O apoio à auto-gestão implica as seguintes intervenções por parte do
profissional de saúde: auxiliar os doentes a tornarem-se informados sobre a sua
condição (mediante a provisão de informação e o treino de competências) e
promover uma atitude «activada», tornando o indivíduo o actor principal no que
diz respeito à prevenção e gestão apropriada da doença (Bodenheimer e Grumbach,
2007).
A literacia em saúde, definida como o grau de capacidade individual em obter,
processar e interpretar informação básica em saúde e em serviços de saúde
incluindo a navegabilidade no sistema de saúde vem substituir na sociedade
global da informação e conhecimento a tradicional «educação para a saúde»
enquanto estratégia de capacitação em saúde (Almeida, 2008b).
Existe uma relação directa entre literacia em saúde e o nível de saúde. Os
indivíduos com níveis limitados de literacia em saúde, quando comparados com
aqueles com níveis adequados, apresentam um pior nível de saúde, menor consumo
de cuidados preventivos, maiores taxas de hospitalização e maior probabilidade
de um controlo inapropriado da doença crónica (Paasche-Orlow e Parker, 2007).
A capacitação (empowerment)em saúde assume-se como um instrumento estratégico
de promoção da saúde numa sociedade global, encarando o cidadão como o seu
principal recurso (Almeida, Tereso e Pimentel, 2009).
Ao relacionar-se com os dois níveis «extremos» de prevenção em saúde a
prevenção primordial (factores de risco associados a estilos de vida) e a
prevenção quaternária (prevenção da iatrogenia) a capacitação em saúde
contribui para formar cidadãos informados na saúde e na doença (Almeida, 2005).
Modelo CLINECS
Durante muitas décadas, a prática da medicina era norteada pelo prestígio de um
clínico ou de uma instituição: é a chamada medicina baseada na eminência
(«eminence-based medicine)(Watchter, 2008) à qual sucedeu a medicina baseada na
evidência («evidence-based medicine»).
A medicina baseada na evidência ou, traduzindo mais propriamente, a medicina
baseada na prova (Almeida, 2005) consiste na «utilização conscienciosa e
explícita da melhor evidência disponível para a tomada de decisão relativa a
doentes individuais» (Canada.

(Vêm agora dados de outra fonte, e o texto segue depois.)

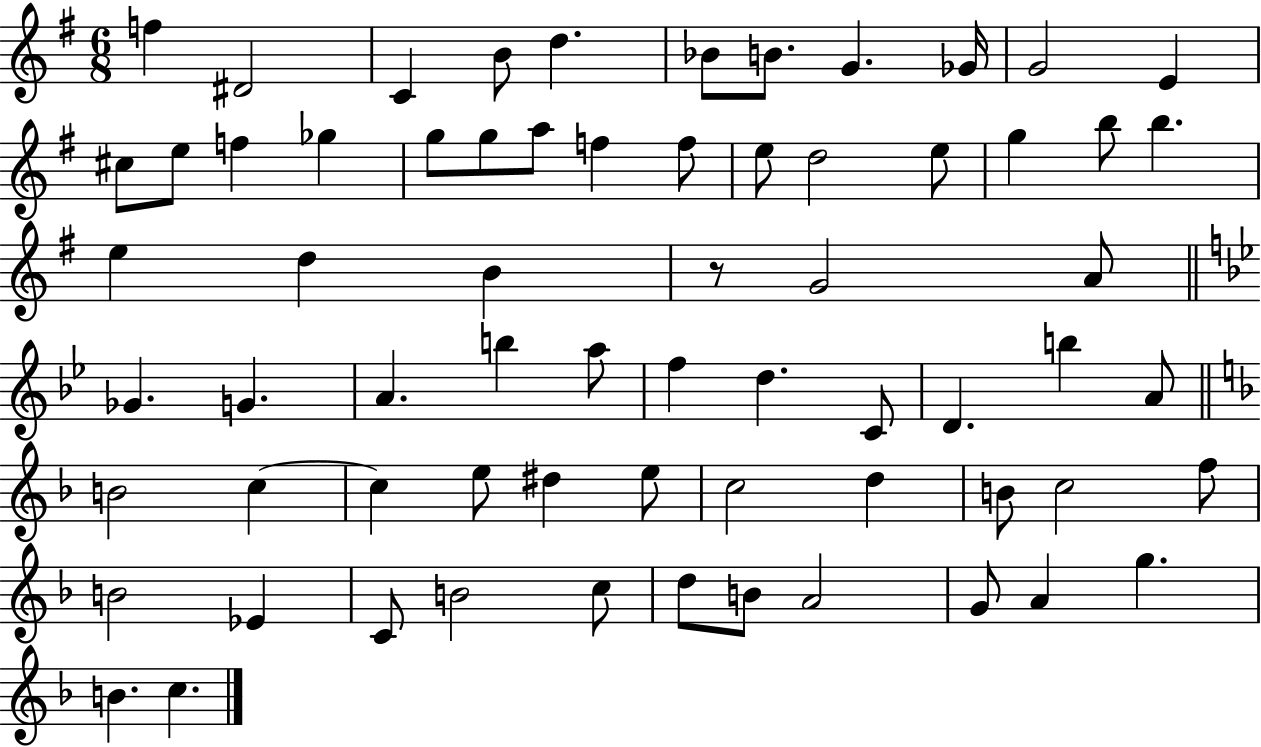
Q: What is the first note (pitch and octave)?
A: F5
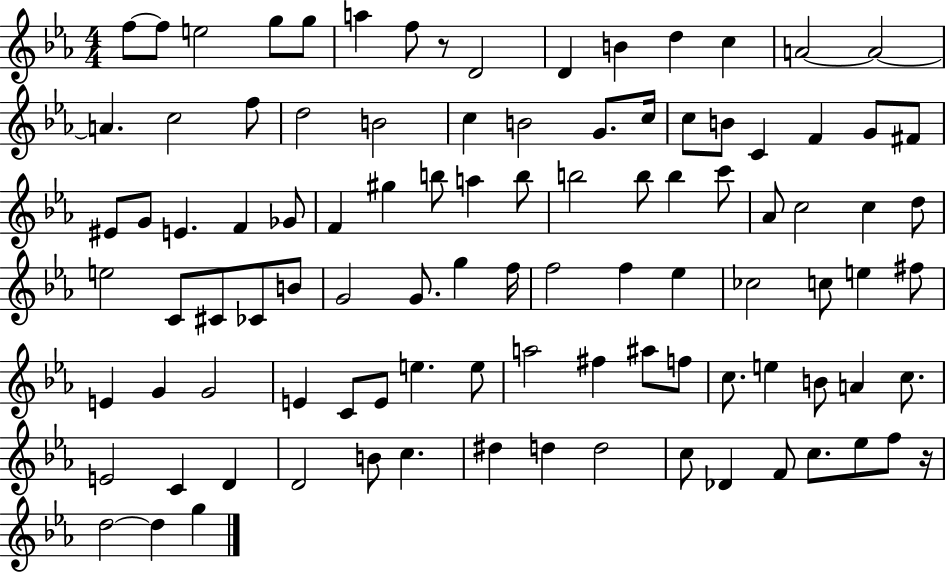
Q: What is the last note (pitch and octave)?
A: G5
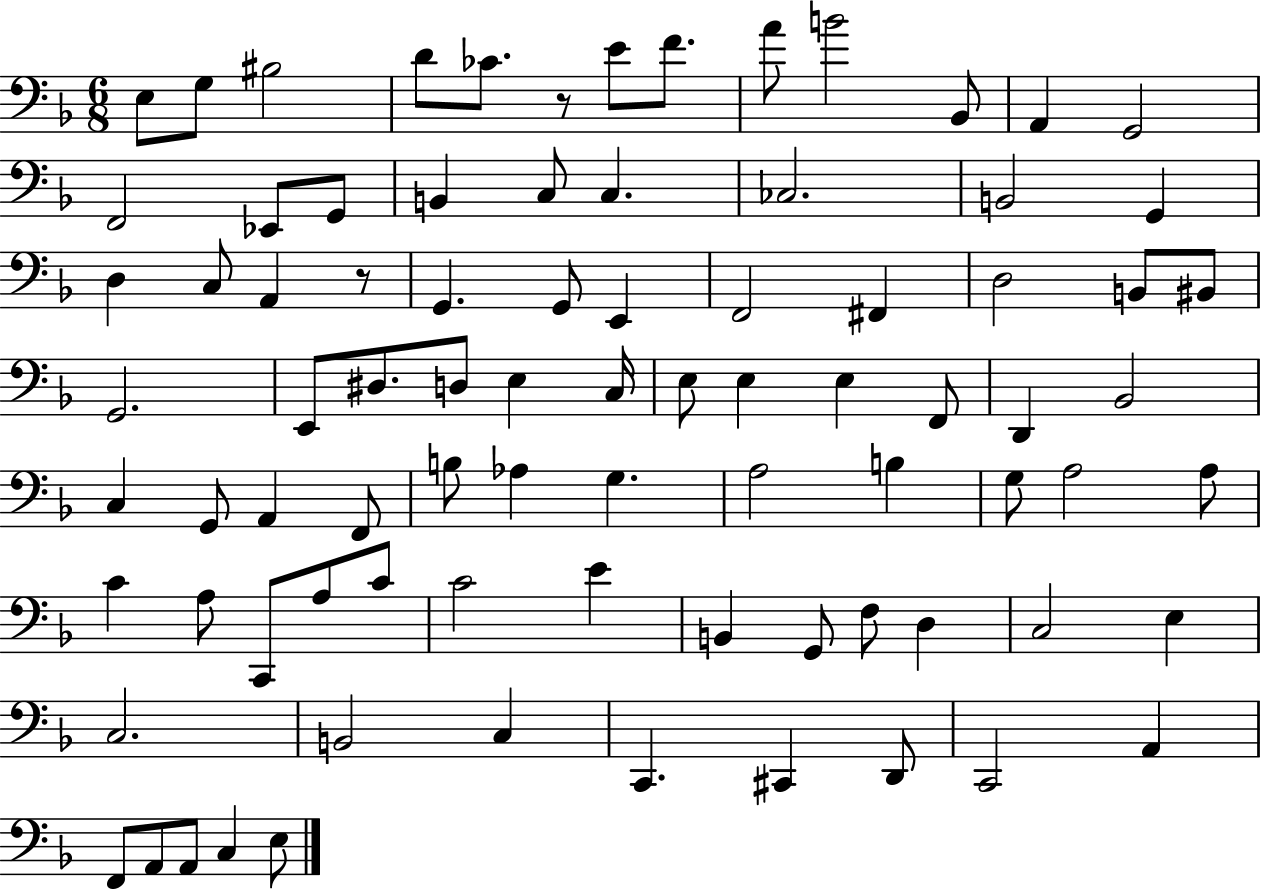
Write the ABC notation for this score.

CEBM, 2009).
Note-se que a EBM não é incompatível com a experiência e o julgamento clínicos,
bem pelo contrário; o que mudou foi o paradigma de identificação das melhores
práticas, em resultado da «explosão» de ensaios clínicos nas últimas décadas
(Watchter, 2008).
Assim, a EBM resulta da integração da melhor evidência científica disponível
com a expertise clínica, o conhecimento fisiopatológico e as preferências do
doente tendo em vista a tomada de decisão clínica (Greenberg et al., 2005).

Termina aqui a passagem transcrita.